Apprentissage, créativité, efficacité… l’écriture manuscrite peut-elle se conjuguer au digital ?

Peut-on écrire sur ordinateur sans passer par un clavier ? C’est la question à laquelle industriels de l’informatique et de la papeterie tentent de répondre depuis une vingtaine d’années. Retour sur les premiers pas du manuscrit dans le numérique, et état des lieux des solutions commercialisées aujourd’hui.

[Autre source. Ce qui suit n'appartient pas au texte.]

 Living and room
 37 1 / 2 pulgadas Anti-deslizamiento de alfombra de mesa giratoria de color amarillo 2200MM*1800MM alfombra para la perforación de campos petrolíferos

Combien de fois la mort de l’écrit et du papier a-t-elle été annoncée, sans jamais advenir ? Malgré la révolution numérique, nous continuons d’utiliser l’écriture sur papier au quotidien pour inscrire une information, lister les tâches à effectuer, coucher ses idées, transmettre un message, et encore bien d’autres occasions. Pour beaucoup d’entre nous, avoir recours à un stylo et à une feuille reste un réflexe quasi inné puisque appris dès le plus jeune âge. Depuis l’avènement des outils numériques, la technologie tente assez naturellement de s’approprier le manuscrit pour digitaliser les données contenues dans nos notes – tout le monde ne maitrise pas les règles du code ! Le mariage de l’écrit et du numérique tant souhaité par les tech addicts ne serait-il pas ainsi l’ultime symbole de la transformation digitale de nos existences ? Ou serait-ce, au contraire, la démonstration qu’après des années d’adaptation des hommes aux technologies, la machine se mettrait enfin au service de l’humain ?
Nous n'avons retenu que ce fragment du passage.